Pilates Long Stretch on the Roller - part of the women's fitness video series by GeoBeats.
Hi, I am Charlotte and this is Alice, and we are here at Streamline Pilates studio in Brooklyn Heights, New York. We are going to teach you how to use the foam roller to do an exercise that is traditionally done on the reformer in pilates. This exercise is called Long Stretch.
You are going to start off on your hands and knees with our shins resting gently on the roller. Your palms are about shoulder distance apart. You feel your arms reaching up into your shoulders. I want you to feel that chest lifting up into your body and hugging the muscles up your arms so that you are not pouting down into the wrist too hard.
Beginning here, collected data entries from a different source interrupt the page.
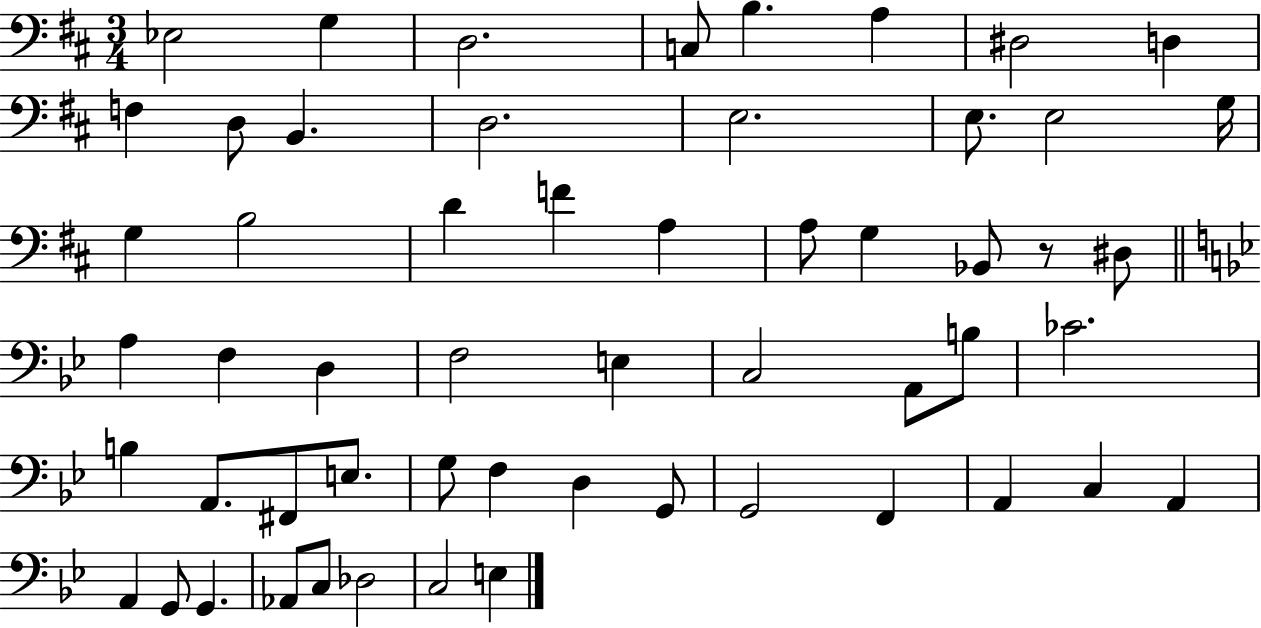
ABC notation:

X:1
T:Untitled
M:3/4
L:1/4
K:D
_E,2 G, D,2 C,/2 B, A, ^D,2 D, F, D,/2 B,, D,2 E,2 E,/2 E,2 G,/4 G, B,2 D F A, A,/2 G, _B,,/2 z/2 ^D,/2 A, F, D, F,2 E, C,2 A,,/2 B,/2 _C2 B, A,,/2 ^F,,/2 E,/2 G,/2 F, D, G,,/2 G,,2 F,, A,, C, A,, A,, G,,/2 G,, _A,,/2 C,/2 _D,2 C,2 E,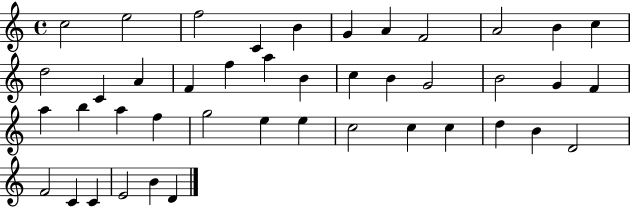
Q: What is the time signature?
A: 4/4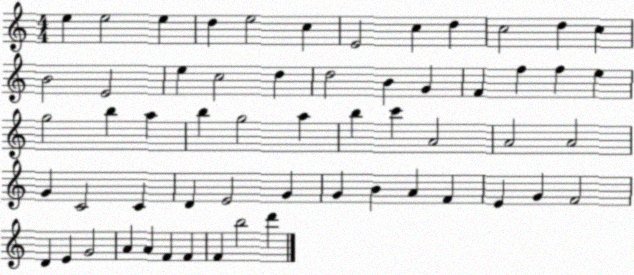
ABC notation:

X:1
T:Untitled
M:4/4
L:1/4
K:C
e e2 e d e2 c E2 c d c2 d c B2 E2 e c2 d d2 B G F f f e g2 b a b g2 a b c' A2 A2 A2 G C2 C D E2 G G B A F E G F2 D E G2 A A F F F b2 d'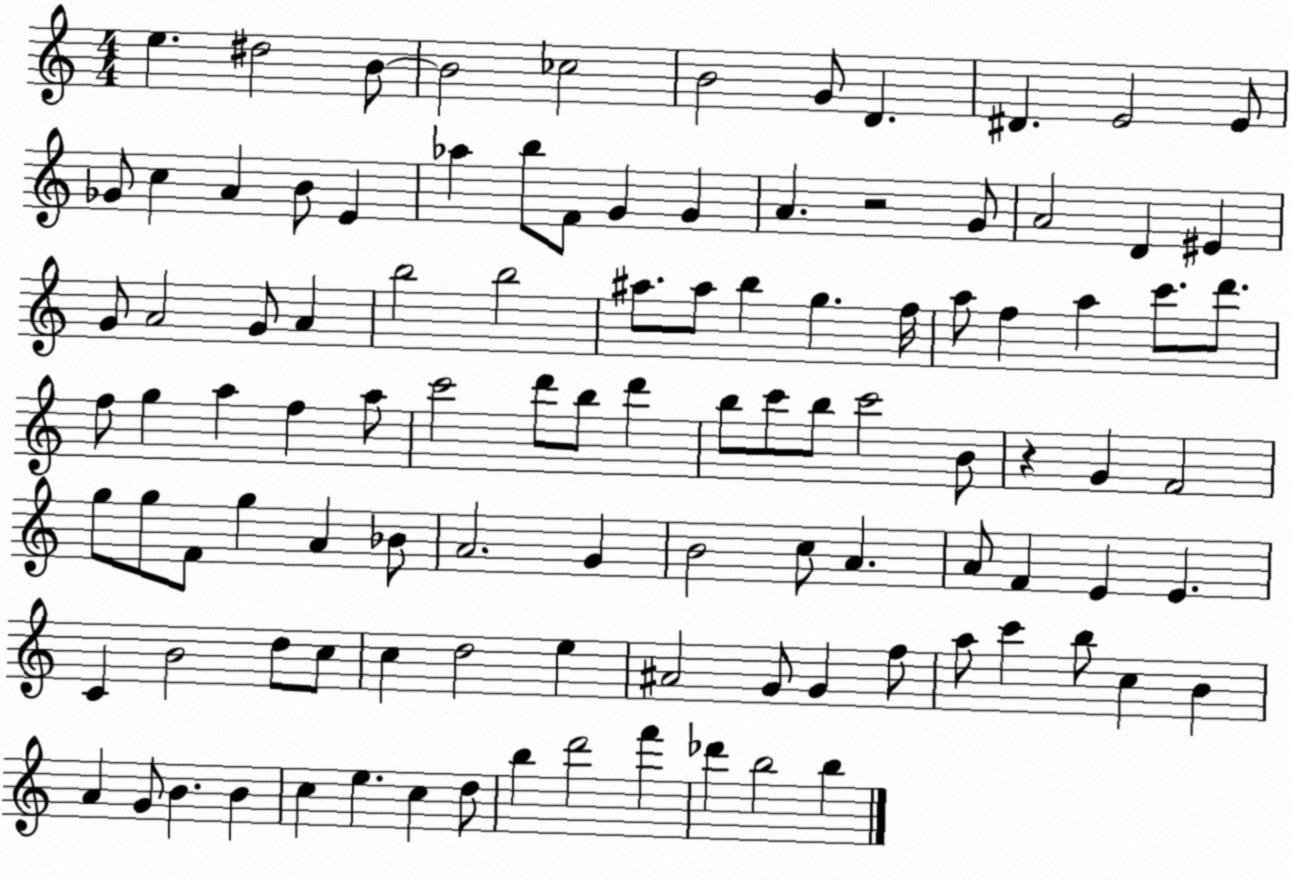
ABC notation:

X:1
T:Untitled
M:4/4
L:1/4
K:C
e ^d2 B/2 B2 _c2 B2 G/2 D ^D E2 E/2 _G/2 c A B/2 E _a b/2 F/2 G G A z2 G/2 A2 D ^E G/2 A2 G/2 A b2 b2 ^a/2 ^a/2 b g f/4 a/2 f a c'/2 d'/2 f/2 g a f a/2 c'2 d'/2 b/2 d' b/2 c'/2 b/2 c'2 B/2 z G F2 g/2 g/2 F/2 g A _B/2 A2 G B2 c/2 A A/2 F E E C B2 d/2 c/2 c d2 e ^A2 G/2 G f/2 a/2 c' b/2 c B A G/2 B B c e c d/2 b d'2 f' _d' b2 b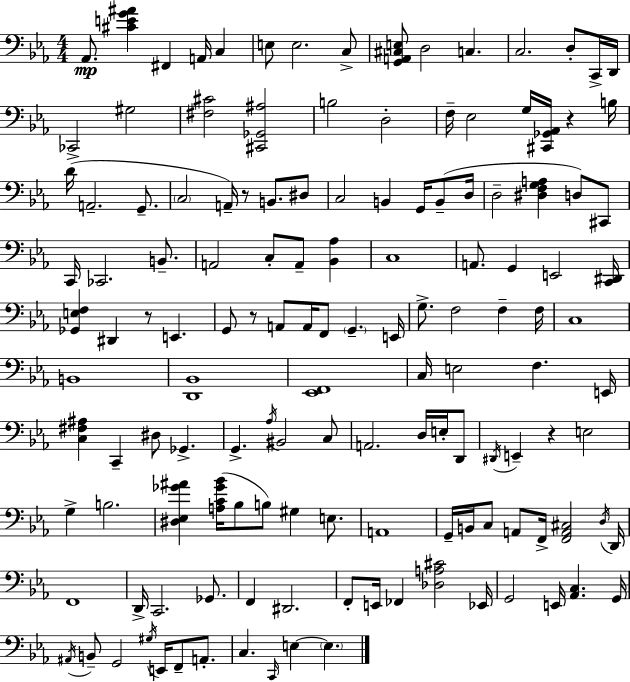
X:1
T:Untitled
M:4/4
L:1/4
K:Eb
_A,,/2 [^CEG^A] ^F,, A,,/4 C, E,/2 E,2 C,/2 [G,,A,,^C,E,]/2 D,2 C, C,2 D,/2 C,,/4 D,,/4 _C,,2 ^G,2 [^F,^C]2 [^C,,_G,,^A,]2 B,2 D,2 F,/4 _E,2 G,/4 [^C,,_G,,_A,,]/4 z B,/4 D/4 A,,2 G,,/2 C,2 A,,/4 z/2 B,,/2 ^D,/2 C,2 B,, G,,/4 B,,/2 D,/4 D,2 [^D,F,G,A,] D,/2 ^C,,/2 C,,/4 _C,,2 B,,/2 A,,2 C,/2 A,,/2 [_B,,_A,] C,4 A,,/2 G,, E,,2 [C,,^D,,]/4 [_G,,E,F,] ^D,, z/2 E,, G,,/2 z/2 A,,/2 A,,/4 F,,/2 G,, E,,/4 G,/2 F,2 F, F,/4 C,4 B,,4 [D,,_B,,]4 [_E,,F,,]4 C,/4 E,2 F, E,,/4 [C,^F,^A,] C,, ^D,/2 _G,, G,, _A,/4 ^B,,2 C,/2 A,,2 D,/4 E,/4 D,,/2 ^D,,/4 E,, z E,2 G, B,2 [^D,_E,_G^A] [A,C_G_B]/4 _B,/2 B,/2 ^G, E,/2 A,,4 G,,/4 B,,/4 C,/2 A,,/2 F,,/4 [F,,A,,^C,]2 D,/4 D,,/4 F,,4 D,,/4 C,,2 _G,,/2 F,, ^D,,2 F,,/2 E,,/4 _F,, [_D,A,^C]2 _E,,/4 G,,2 E,,/4 [_A,,C,] G,,/4 ^A,,/4 B,,/2 G,,2 ^G,/4 E,,/4 F,,/2 A,,/2 C, C,,/4 E, E,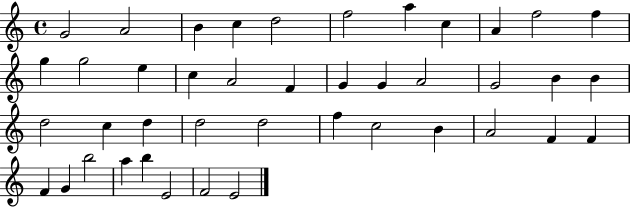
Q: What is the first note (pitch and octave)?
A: G4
Navel back towards your spine, your stomach is scooped. Pressing your hands into the mat. Lift your knees up and straighten your legs out to roll the roll back just a little bit. Coming into a nice plank position, you are going to inhale, roll back a little bit, and exhale. As if there were pony so we could pull off the top of your head to roll you forward.
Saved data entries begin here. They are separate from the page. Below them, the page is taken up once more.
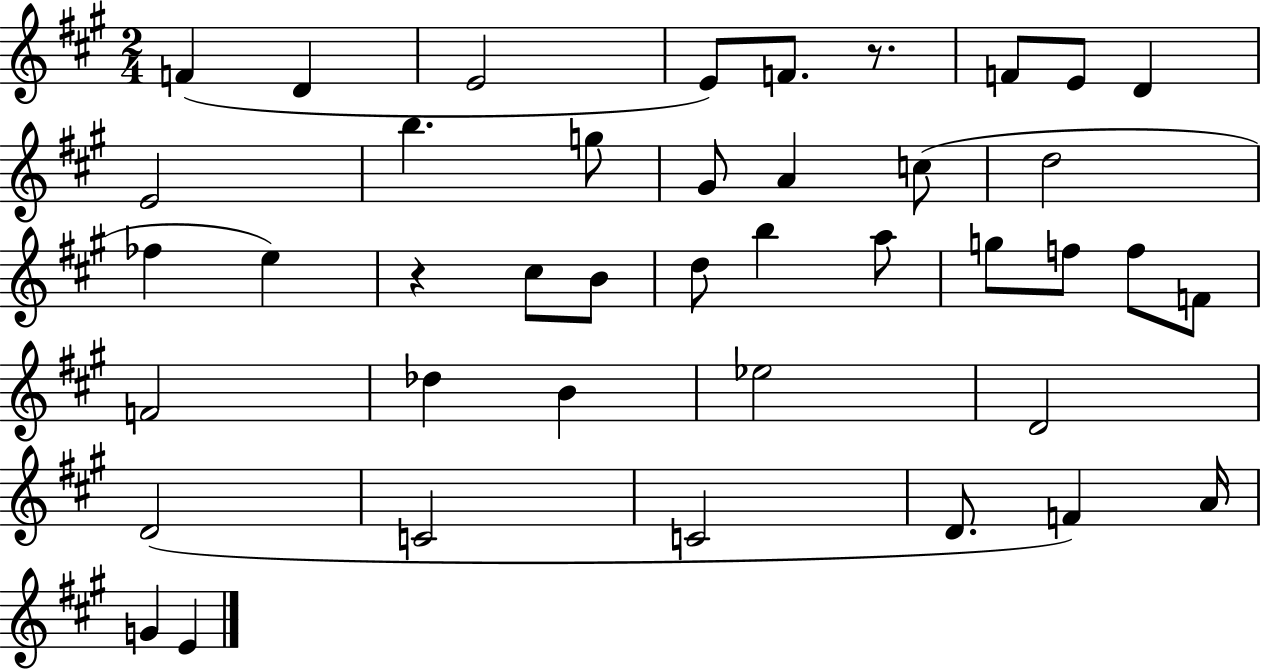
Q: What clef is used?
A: treble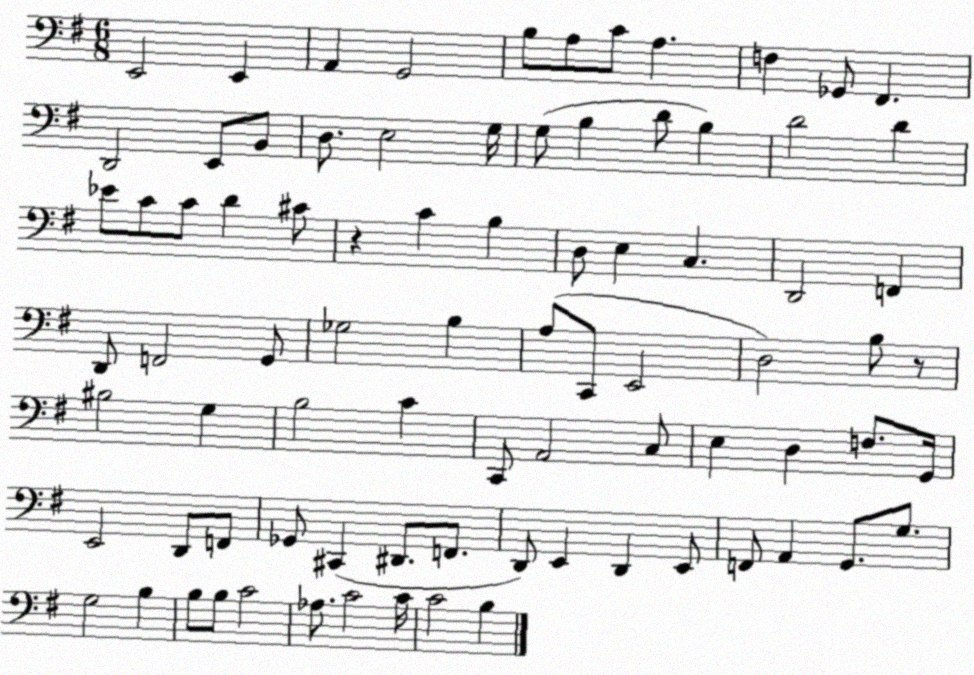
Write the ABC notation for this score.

X:1
T:Untitled
M:6/8
L:1/4
K:G
E,,2 E,, A,, G,,2 B,/2 A,/2 C/2 A, F, _G,,/2 ^F,, D,,2 E,,/2 B,,/2 D,/2 E,2 G,/4 G,/2 B, D/2 B, D2 D _E/2 C/2 C/2 D ^C/2 z C B, D,/2 E, C, D,,2 F,, D,,/2 F,,2 G,,/2 _G,2 B, A,/2 C,,/2 E,,2 D,2 B,/2 z/2 ^B,2 G, B,2 C C,,/2 A,,2 C,/2 E, D, F,/2 G,,/4 E,,2 D,,/2 F,,/2 _G,,/2 ^C,, ^D,,/2 F,,/2 D,,/2 E,, D,, E,,/2 F,,/2 A,, G,,/2 G,/2 G,2 B, B,/2 B,/2 C2 _A,/2 C2 C/4 C2 B,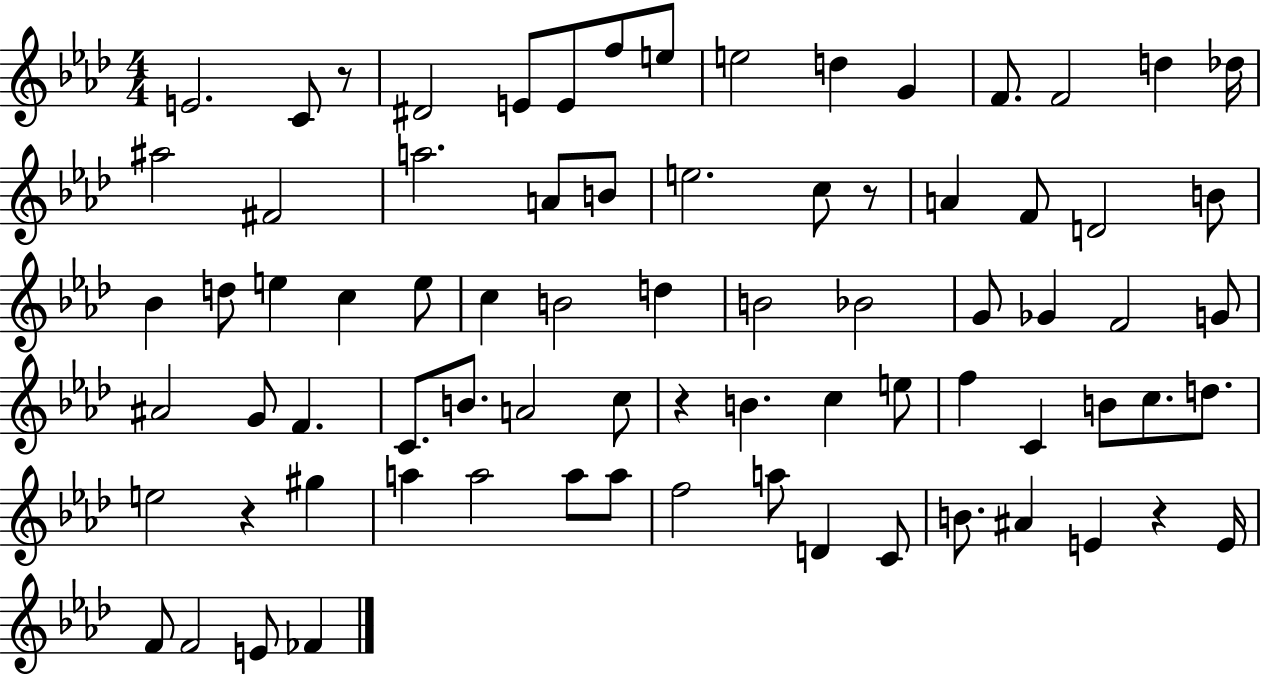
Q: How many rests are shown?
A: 5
Your knees are not bending, your arms are not bending. You are just hinging through your shoulders and supporting yourself with this core support. Navel back towards your spine. Do about 6 or 8. This is really hard exercise.
The closer the roll is to your knees, the easier it would be. The further the roll is out towards your feet, the very much harder it will be. Inhale back, and last one, exhale. And bend your knees and take a rest to get ready for the next exercise.